[Description of the task] Every line from the one holding "Our monitoring user's" through the one holding "There's a complete" in the data below must be returned exactly, both ends included, with pictures left out and nothing else added.

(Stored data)
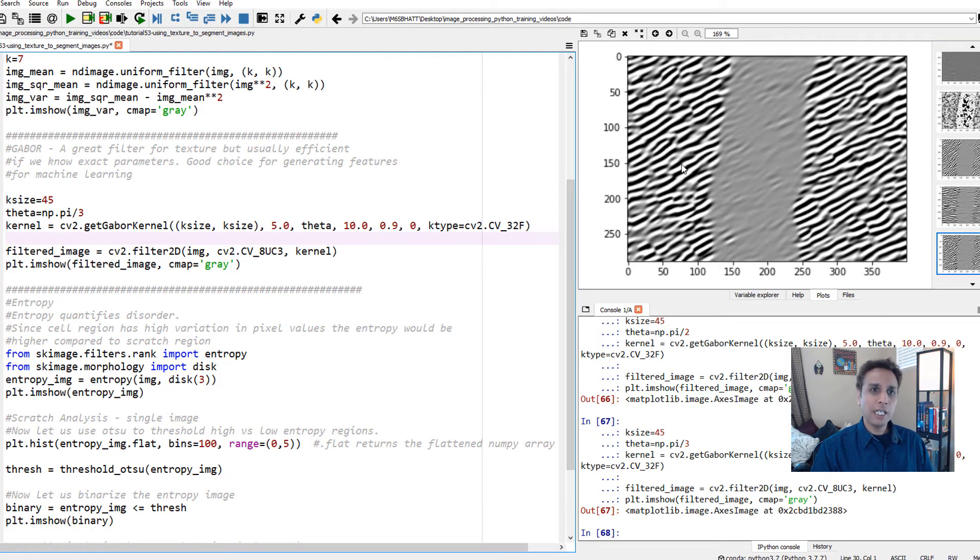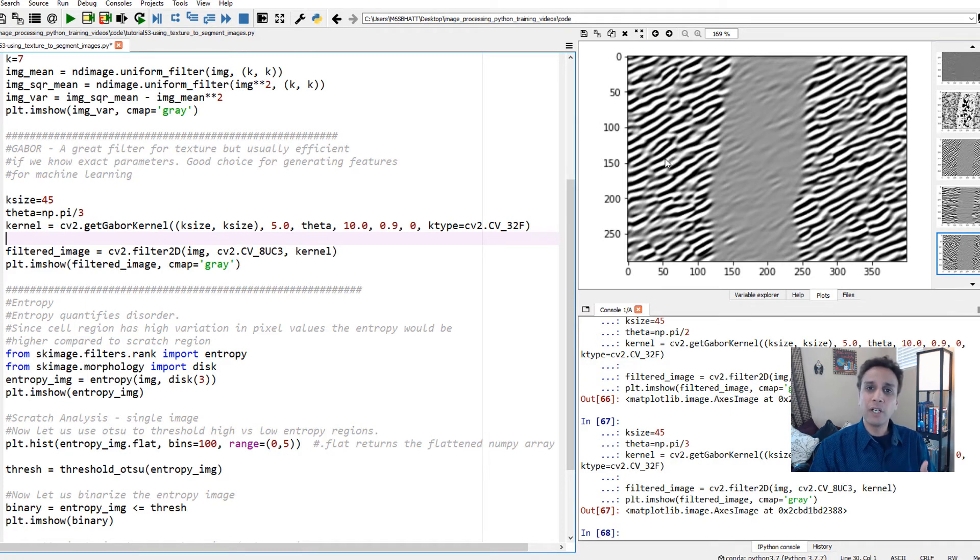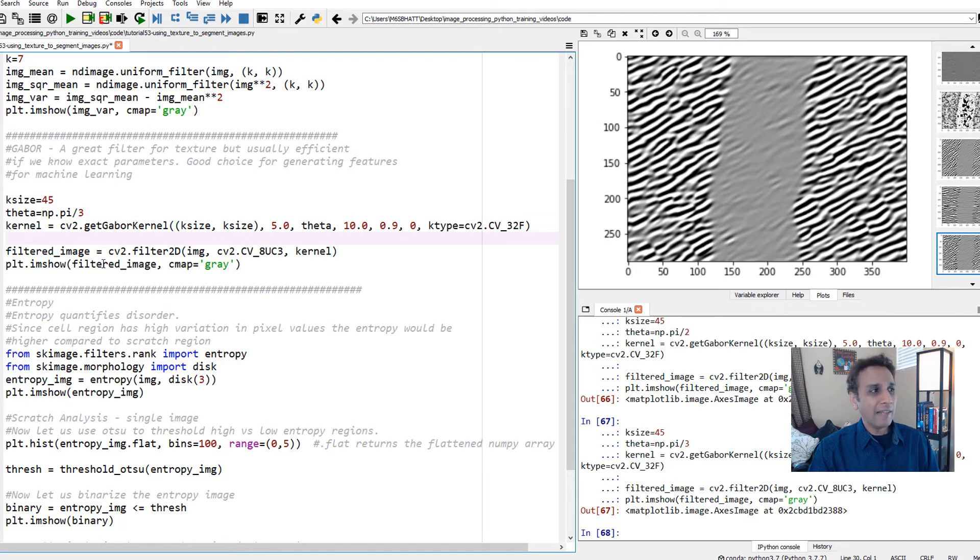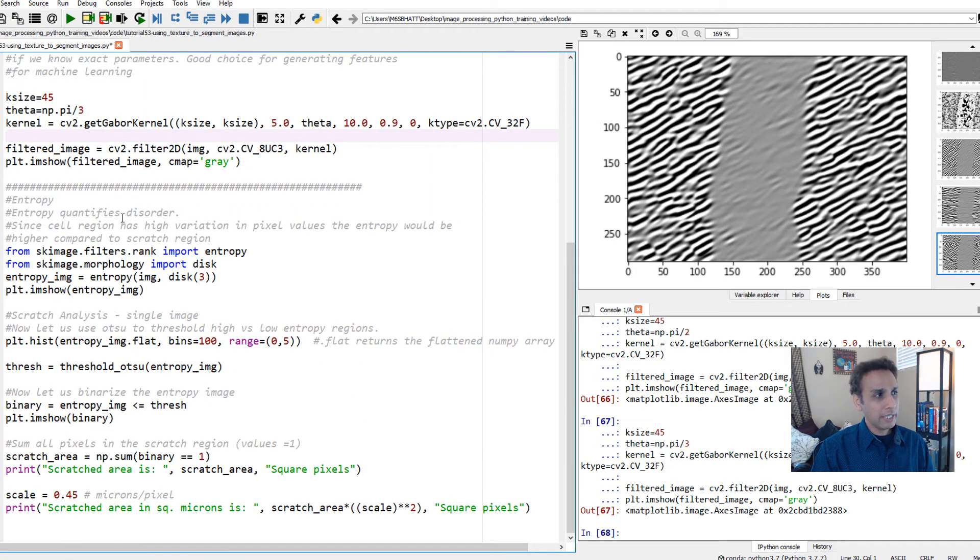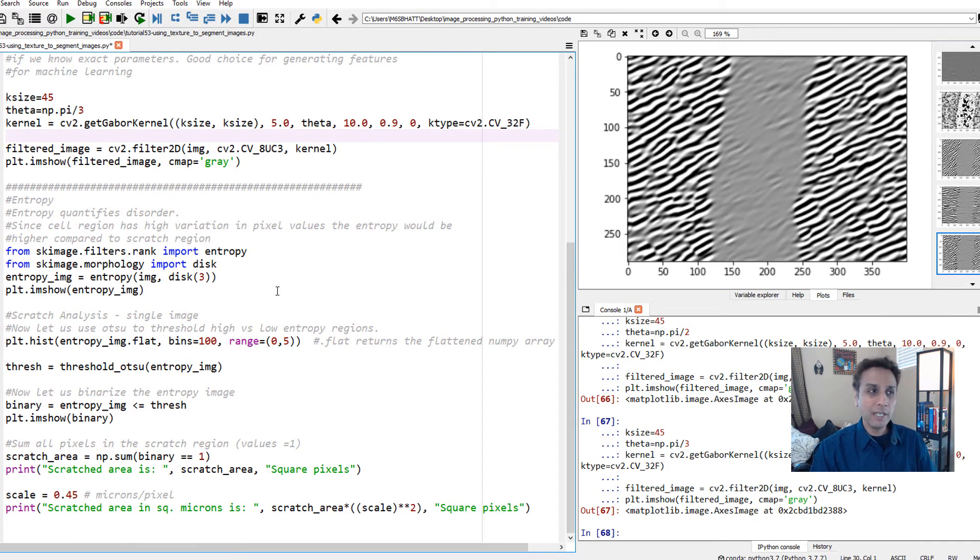This can also be used. In fact, this is not a bad output. This region is separated from this region, but I still need to quantify what this is. I need to figure out a way of separating this region from this. For that, Gabor is not useful. Let's get to the most useful part for segmentation - entropy.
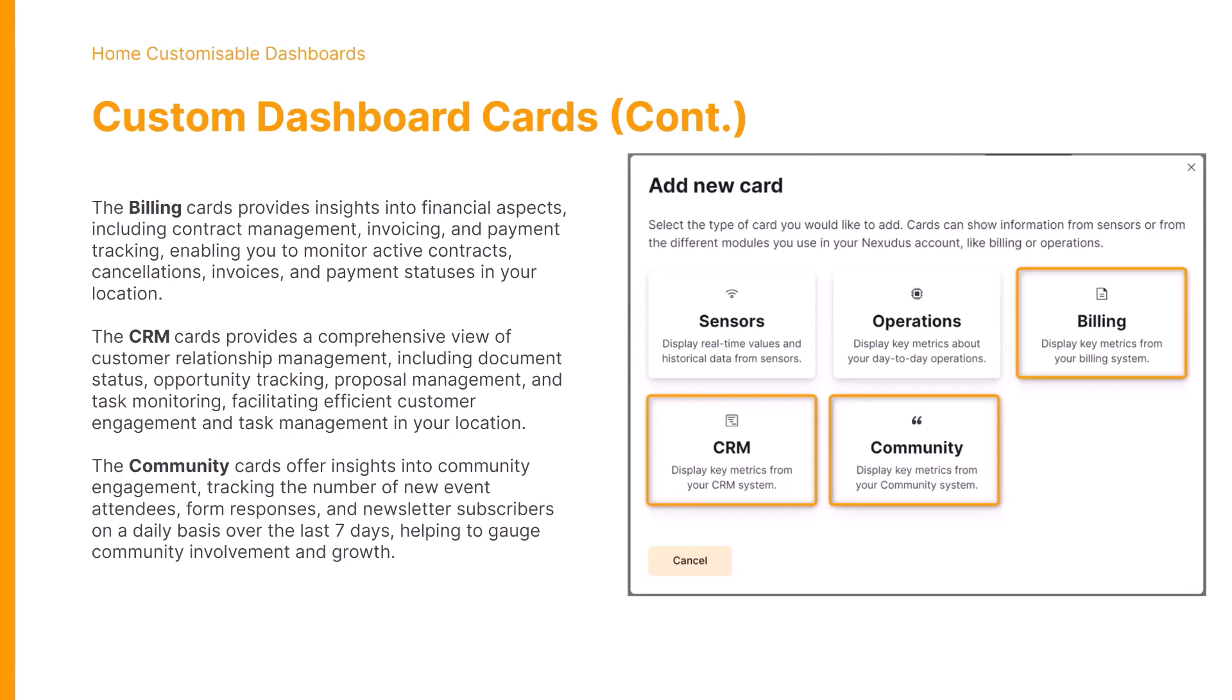The CRM cards offer a comprehensive view of customer relationship management in general, including document statuses, opportunity tracking, proposal management, task monitoring, facilitating efficient customer engagement and your task management within your location.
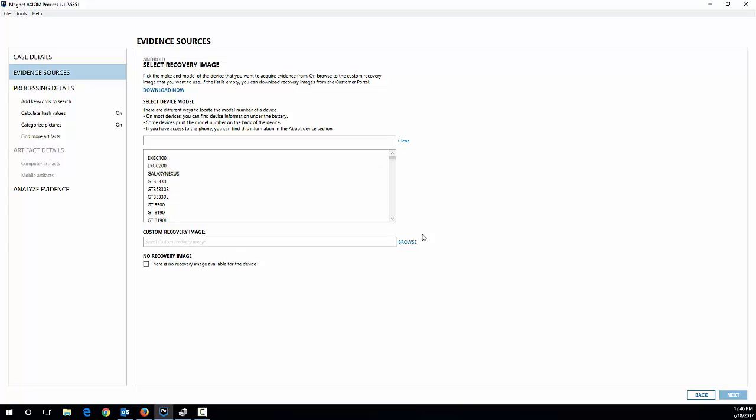And from here you get to choose the recovery image. So you need to choose the specific model of the device that you have here. If this is the first time you're doing any recovery images, you need to actually download those recovery images first. So you click download now, it takes you to a site, it allows you to download those images and install them with Axiom.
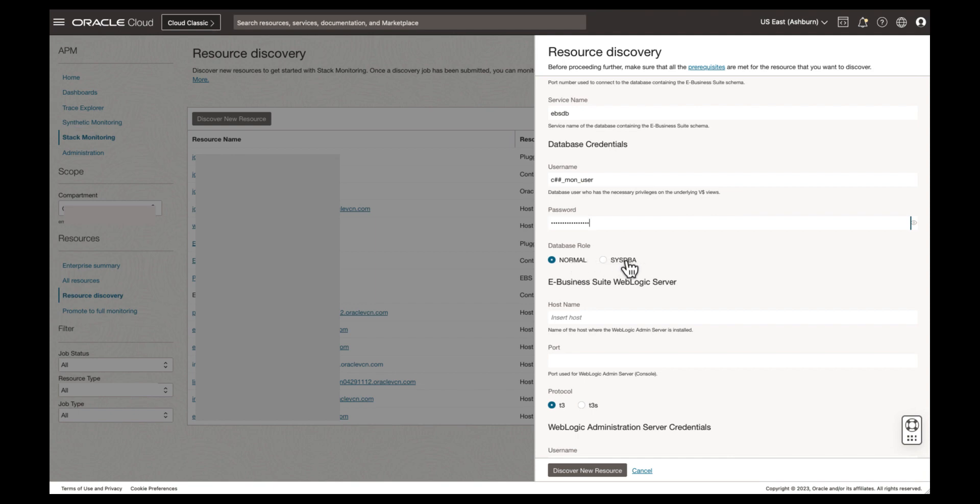Our monitoring user's role is prefilled. If your monitoring user requires sysdba privs, select that here.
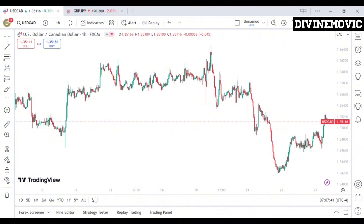Alright, let's analyze USD/CAD and possibly see what entries we're going to be having for the week. We want to know what price is going to do on USD/CAD this week, and to understand that we need to see where price is coming from and where price is heading to — on the daily timeframe.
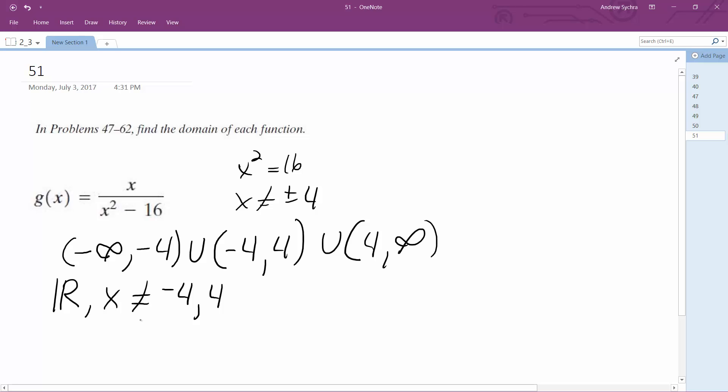I think that's pretty much it, how you'd write it. So you cannot have a denominator equal to 0. That's where you get your asymptotes. Anyway, that's the solution.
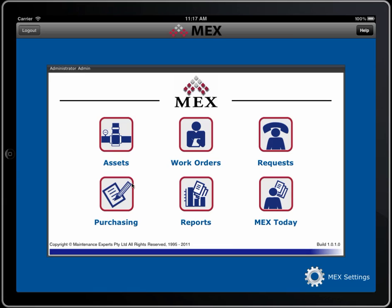There's a complete purchasing module which allows you to add, edit, and create purchase orders. You can do goods receivable. You can even email directly from the iPad to your supplier to say I need these parts.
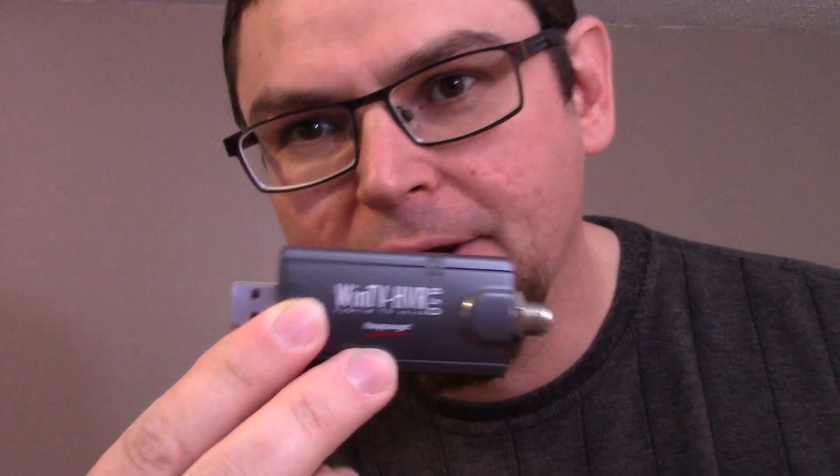All right, so today I'd like to talk to you about how to get your over-the-air channels with this Hauppauge 850 device. Now you can get several of these devices online. This one is actually quite an old one I've had it for a long time.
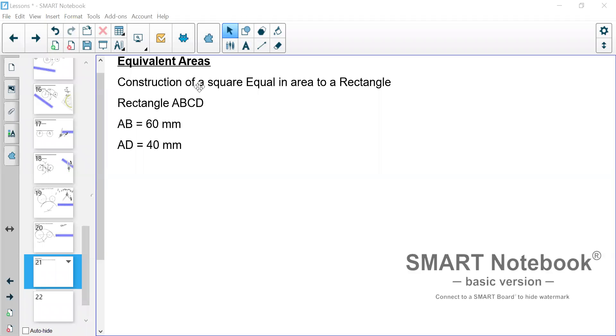Good evening students. Now in this video I will take you through the steps in how we construct a square equal in area to a rectangle.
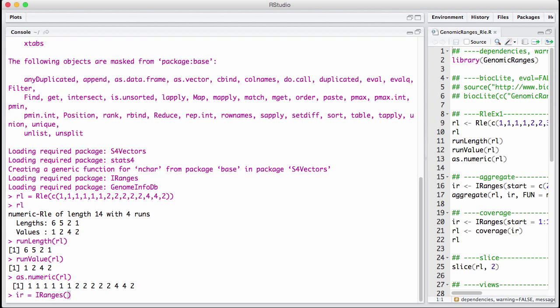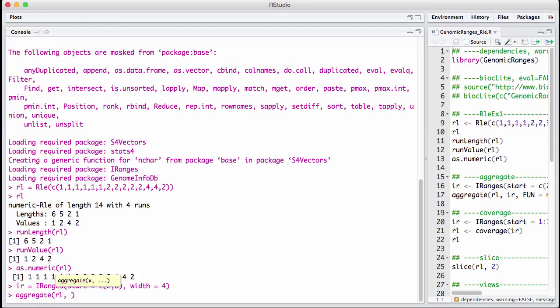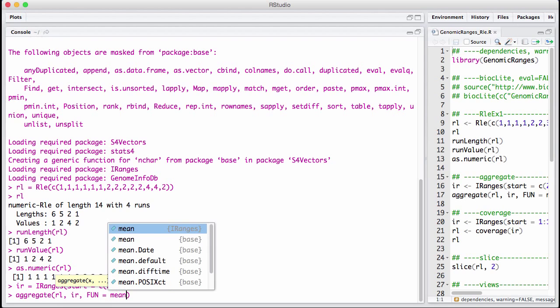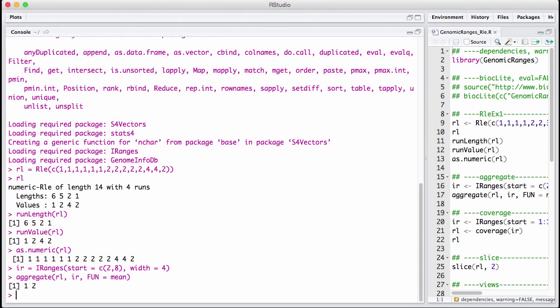We take an iranges. Let's say the start is going to be 2 and 8. And let's say the width is equal to 4. So this gives me a certain subset of the RLE. And I can now aggregate. I take my runLength encoded vector. I take my iranges. And as my function, I could take the mean. I get two numbers back.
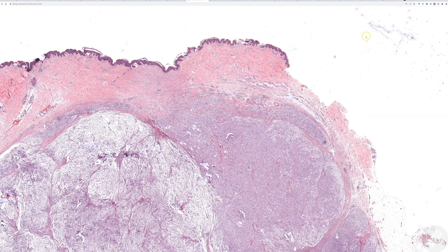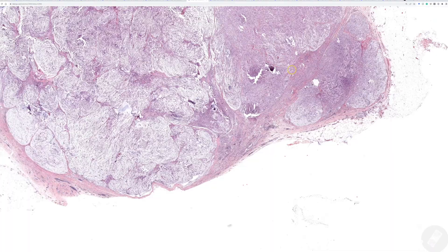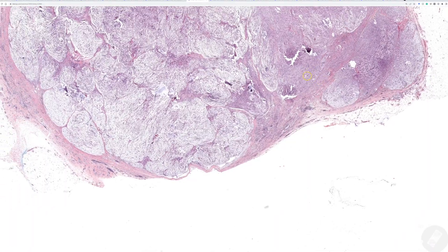I try to look from low power at the rest of the slide first - check the periphery, make sure there's nothing going on in the epidermis. I do this even in my regular dermatopathology work when looking at a basal cell or a nevus or a seborrheic keratosis. Before going closer, I scan at 2x over the edges to make sure I'm not missing a subtle melanoma in situ or something else, and check the margins quickly.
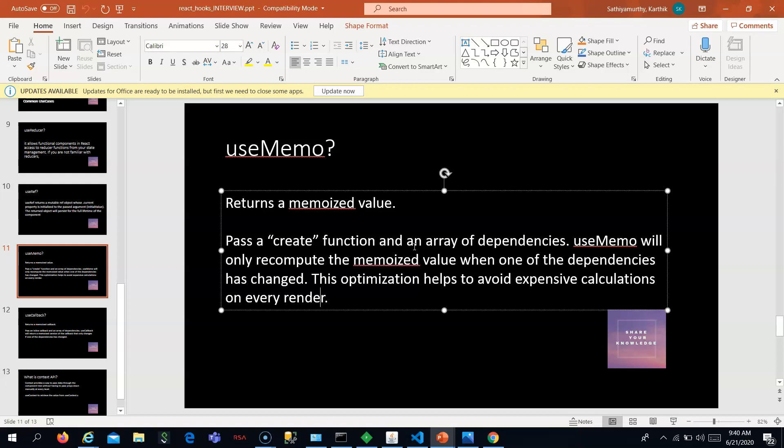To summarize: useMemo executes its function and returns a new value only when its specified dependencies change. For any other re-render, it returns the old memoized value. Hope you understood useMemo.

[Reply]
Our monitoring user's role is prefilled. If your monitoring user requires sysdba privs, select that here.
Alright, let's analyze USD/CAD and possibly see what entries we're going to be having for the week. We want to know what price is going to do on USD/CAD this week, and to understand that we need to see where price is coming from and where price is heading to — on the daily timeframe.
I think that's pretty much it, how you'd write it. So you cannot have a denominator equal to 0. That's where you get your asymptotes. Anyway, that's the solution.
There's a complete purchasing module which allows you to add, edit, and create purchase orders. You can do goods receivable. You can even email directly from the iPad to your supplier to say I need these parts.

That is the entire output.